This is something that I struggle with personally. I work a lot and it's not that I feel a ton of external pressure to work. A lot of it is I just really get out of bed in the morning and enjoy going to work on Indie Hackers because there's so many cool things to do.
And I end up, I don't want to say burning out, but definitely pushing myself to the limit. Way more than four hours of work a day. Did you find when you made this change that you're really becoming more effective? Do you think that you could have done something like this from the early days or is this something that you have to do as a mature company and it's more of like a lifestyle decision?
Your drive to work on Indie Hackers is the drive of an entrepreneur and I don't think that that's ever -- we worked really hard when we were starting out. Chris missed one of my best friends' weddings because we were working on stuff. I am fully transparent on the fact that I think entrepreneurs wake up thinking about their business and go to sleep thinking about their project and there's just no in-between.
But at a certain point, you grow where you realize that you're not as effective when you're working this hard, right? Your brain isn't as clear, but also your responsibility shifts so dramatically. My job is no longer doing support after I've talked to product. My job is now to think, for the most part. And I can't think clearly if I'm not -- if I'm overworked and my brain's tired. We all know that the brain's a muscle. It has capacity, finite capacity, and you need to recharge it, and you need to do all these things.
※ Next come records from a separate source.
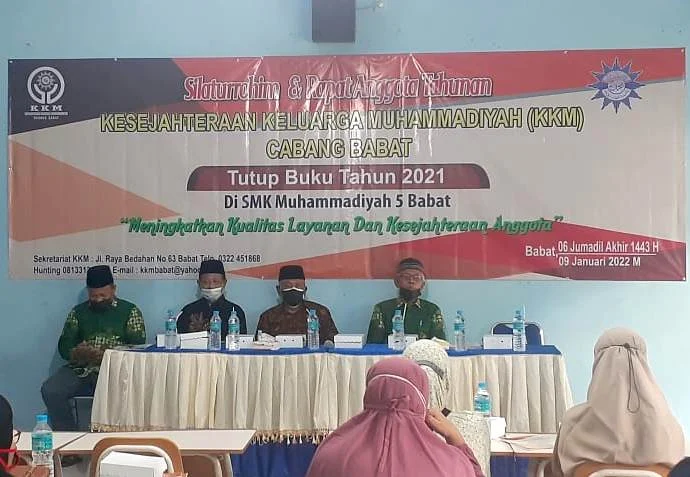 KKM Babat Gelar RAT, Segini Total Modalnya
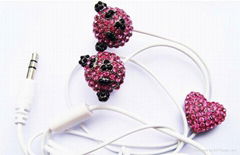 Crystal Earphones 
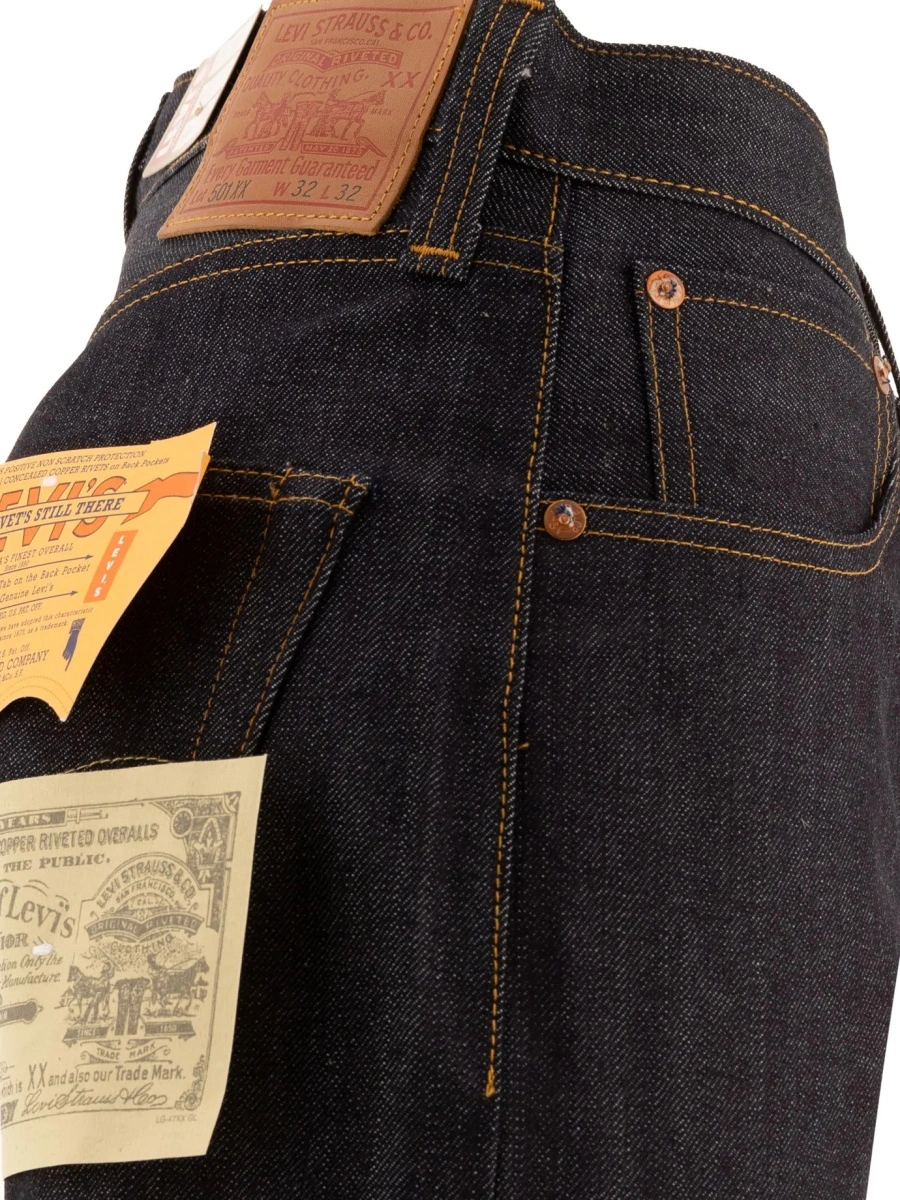 Blugi Levi's® "Vintage Clothing 1947 501®" Straight-leg jeans - Img 4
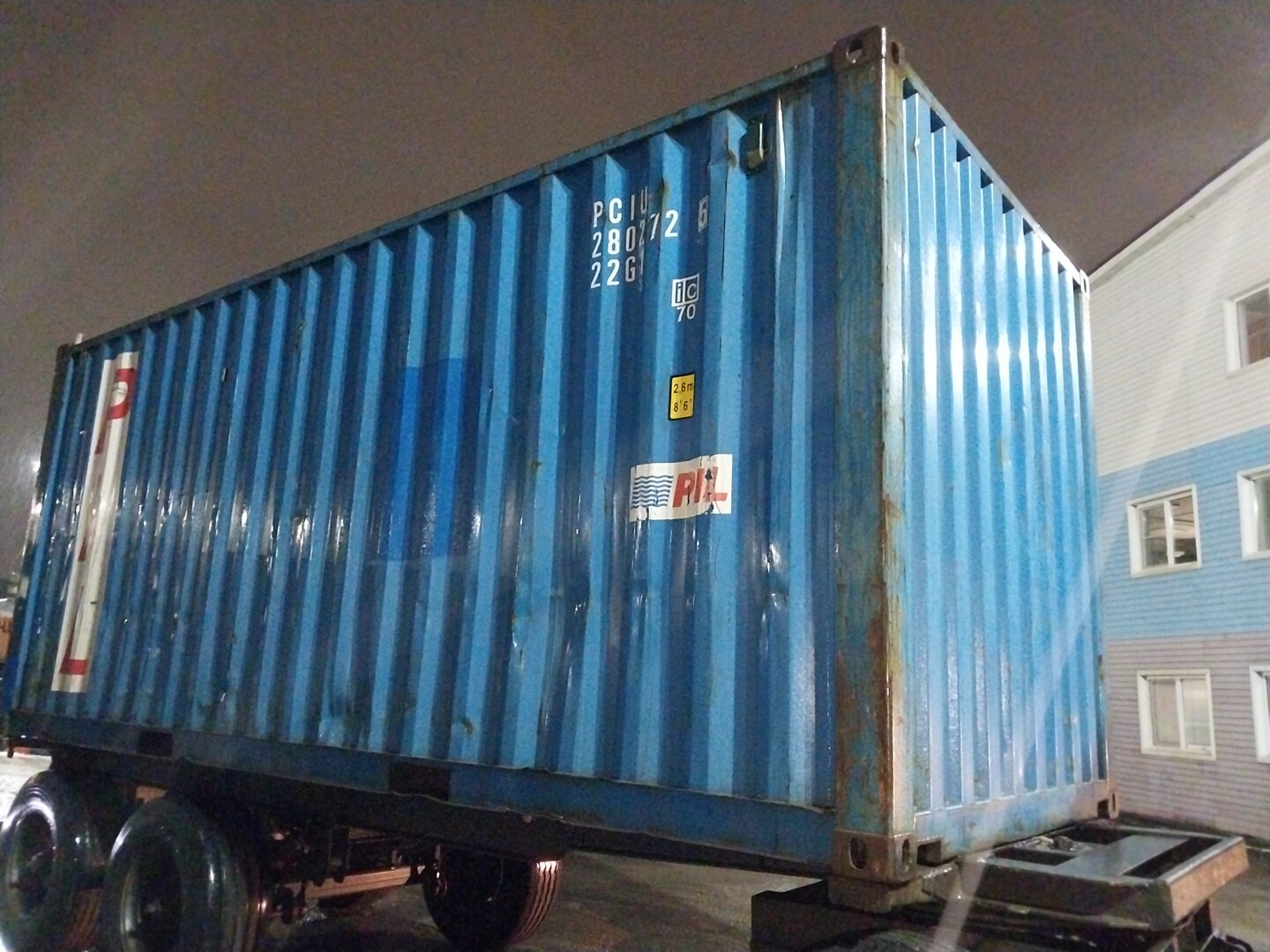 Морской контейнер PCIU2802725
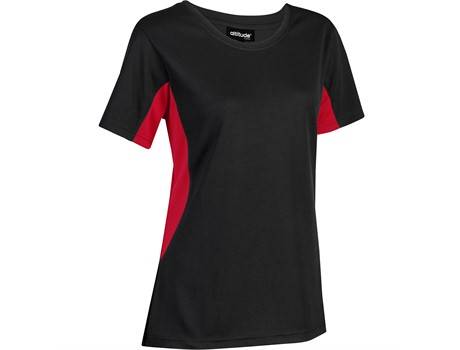 Altitude Championship T-Shirt - Ladies - black/red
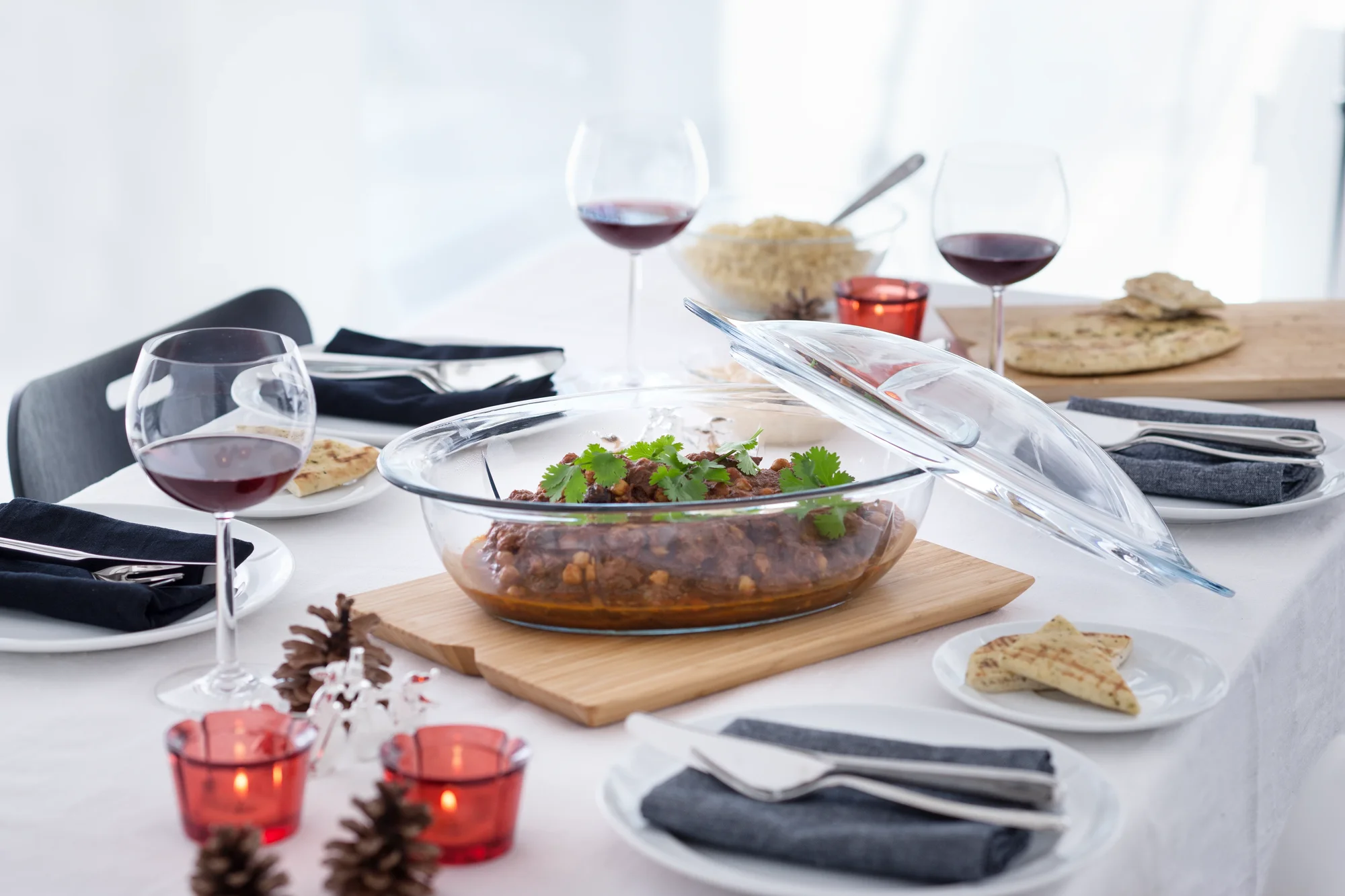 Großbritannien und hitzebeständige Gefäße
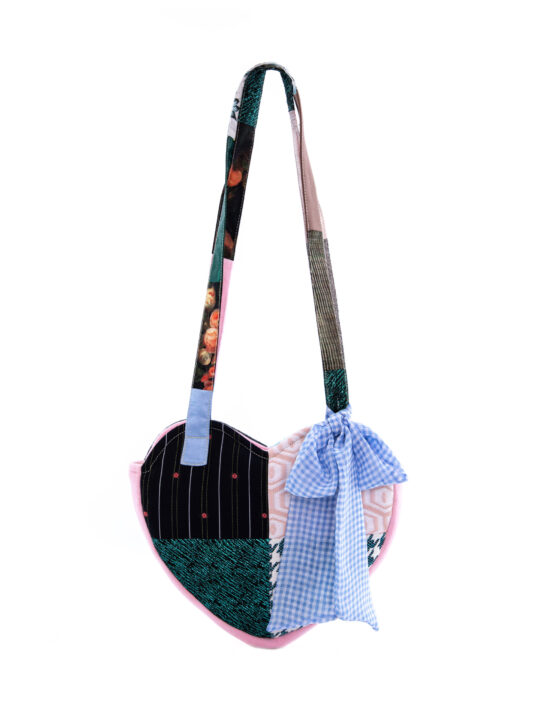 Recycled shoulder bag
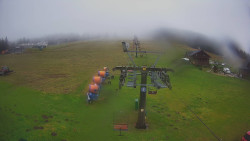 Dolní část sjezdovky Skiareálu Ramzová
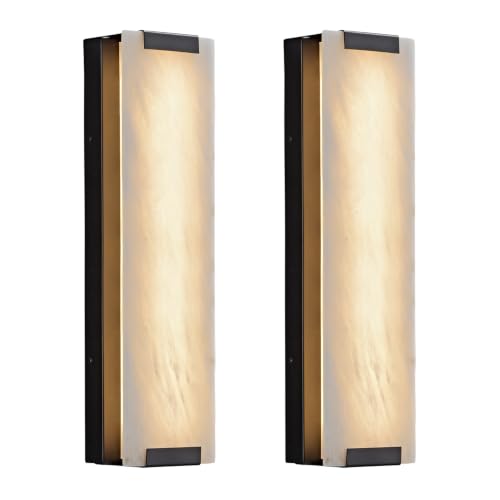 Alabaster Wall Sconce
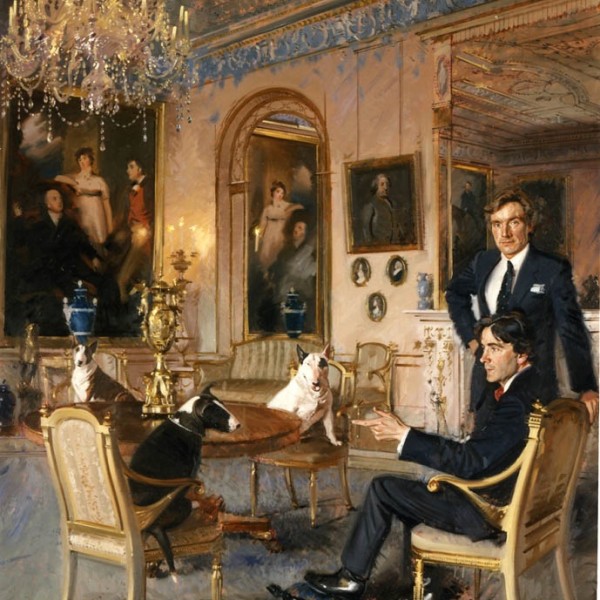 Andrew Festing ‘Dogs In A Sitting Room’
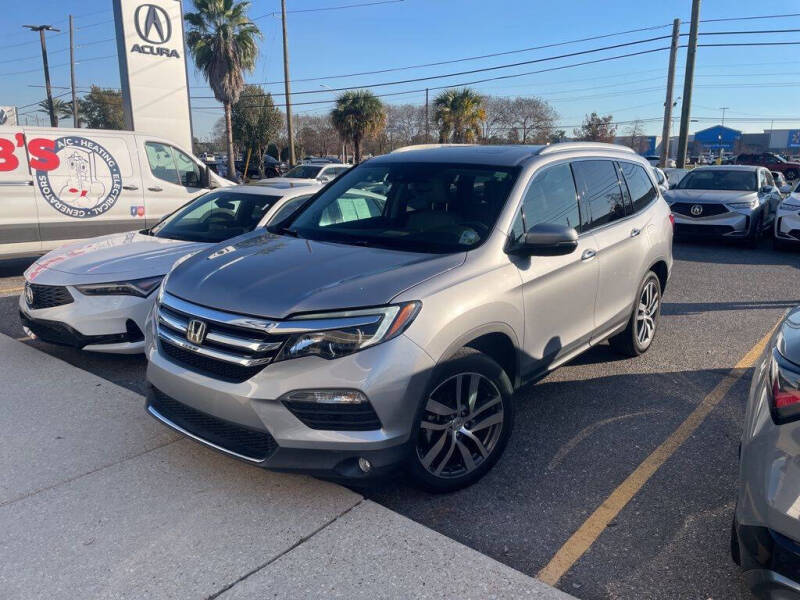 2017 Honda Pilot Touring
The role has shifted dramatically. When I had to work -- when we worked crazy hours, weekends, nights. I used to remember like we'd go out to dinner, have a glass of wine, I'd come home and do support. There's some customers who have gotten some really interesting support responses from me back in the day.
All positive, it's just very lovie dovie for an app that hosts your source code. We did that because I spent the whole rest of the day doing all the other parts of the business, right? QuickBooks in the morning, customer support, talking to the developers, all these things. And there's just more and more work.
Today I have an incredible team who does all of that. So, of course, I have now the capacity to think more because that's my job, to think more. So, I think it changes. I also have two kids and I don't really want to work all day. I want to be with them, too. So, I think that changes. I do think it's the responsibility of the employer to preserve a sane work environment.
I think there's a big difference between the hours an entrepreneur works. And I would never tell a founder to work less. I don't think that's fair, but I would absolutely tell a founder to not -- that it is not okay to push your team to work the same hours that you do. I don't think that's fair.
That makes perfect sense.
Those are two very different -- I think they get conflated on the Internet a lot. My job is to protect my team at all costs. But I'm thinking about my business all day long, all weekend, all night, before I go to sleep, when I wake up, in the shower, when I'm working out, always. And there's nothing wrong with that.
So I am just now getting started hiring and managing my own team and I will be the first to admit that I'm new to this. I'm strangely kind of resistant to it. I like working alone and I suck at hiring and I'm probably a terrible manager.
There's a ton of advice out there about hiring and managing people and when you're new to it, like I am, I think it's a little tough to discern which advice is sort of tried and true and universal and you should resist the urge to buck the trends, and which of it is totally up in the air and it depends on you and how to run your business. You can really do whatever you want. What are your thoughts on this, Natalie, having grown a team to 30 plus people?
Just this morning I was having a call with Chris and I said, "We really need to get better at hiring." I don't know, honestly, Courtland. I think the most important thing I've learned is to have empathy and to really just try to understand people. I think all the sage advice, "Hire slow, fire fast," is probably accurate.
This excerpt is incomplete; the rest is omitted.